Mass extinction 450 million years ago 'triggered by volcanic eruptions and global warming'

The Late Ordovician event killed around 85 per cent of all marine species

Peter Stubley
Saturday 20 June 2020 16:52 BST
World facing first mass extinction since the dinosaurs

Earth’s first major mass extinction could have been triggered by climate change caused by volcanic eruptions, according to a new study.

Scientists have previously believed the Late Ordovician event some 450 million years ago was linked to the end of an ice age, resulting in rising sea levels and plummeting oxygen levels in the oceans.

Around 85 per cent of all marine-based species died out – at a time when most of our present day continents formed a single land mass, Pangaea.

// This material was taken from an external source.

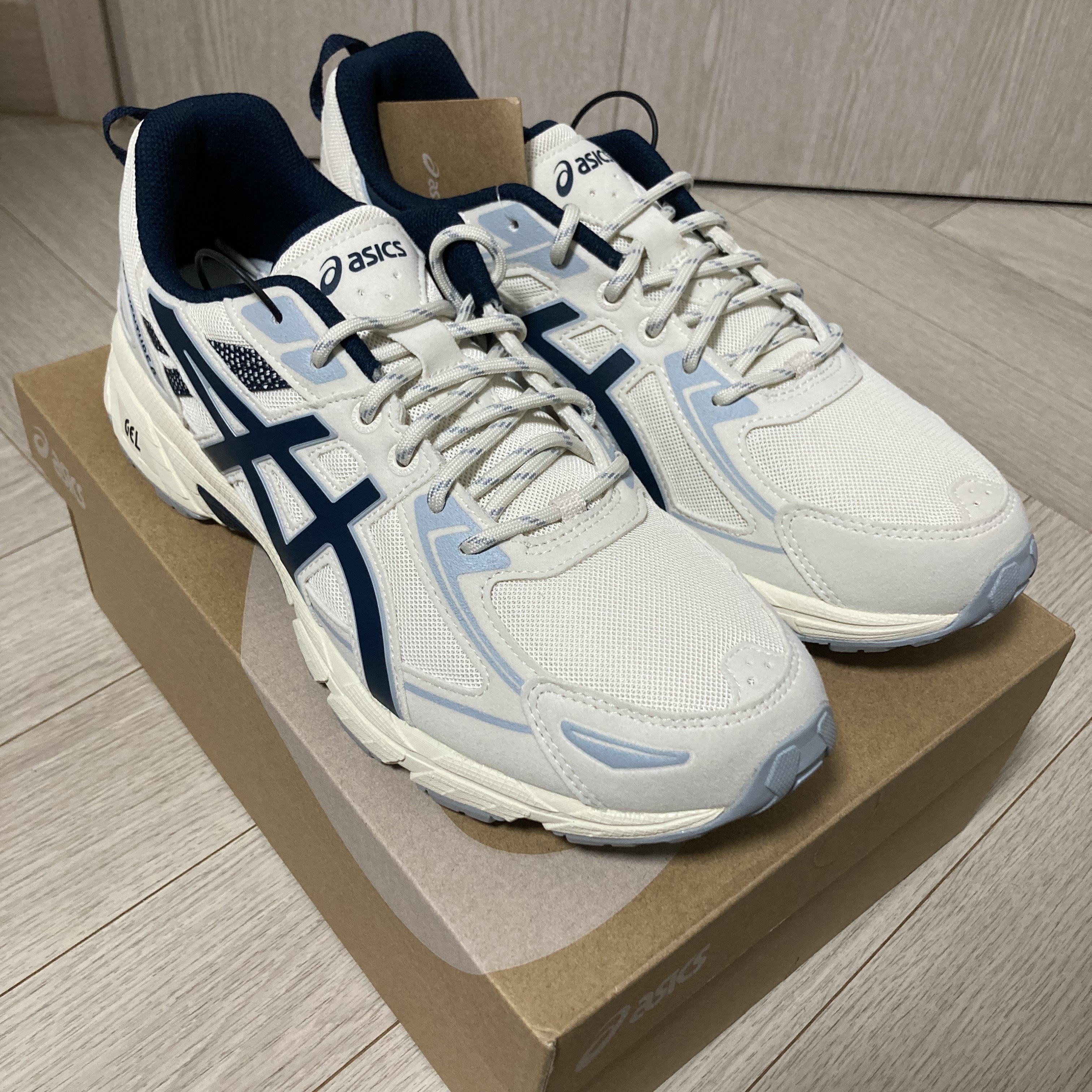 Asics Gel-Venture 6 SPS Birch French Blue 착용 스타일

However new research suggests volcanic eruptions released enough carbon dioxide to heat up the planet and deoxygenate the oceans, resulting in the asphyxiation of the species that lived there.

Professor David Bond from the University of Hull, one of the lead researchers, compared the process to the fizziness of a bottle of cola.

“If it’s been in the fridge, it stays nice and fizzy because the gas in that carbon dioxide stays in the liquid,” he told the New York Times.

“But if you leave it on a sunny table outside and it gets really warm, then that gas quickly dissociates out of that liquid and you end up with a flat coke.”

Professor Bond and Dr Stephen Grasby from the Geological Survey of Canada found that when Ordovician rocks collected from a small stream in southern Scotland were heated, they released large amounts of mercury – a sign volcanic eruptions took place during that period.

The rocks also emitted molybdenum and uranium, suggesting the oceans were starved of oxygen at the same time.

The new research, published in the journal Geology, does not discount glaciation at the time but suggests the cooler climate was then impacted by global warming events triggered by volcanic eruptions.

It follows a study published earlier this year which found the Late Ordovician mass extinction was linked to a severe lack of oxygen in the oceans lasting more than three million years.

The most famous mass extinction is the Cretaceous-Paleogene event that wiped out all non-avian dinosaurs some 65 million years ago.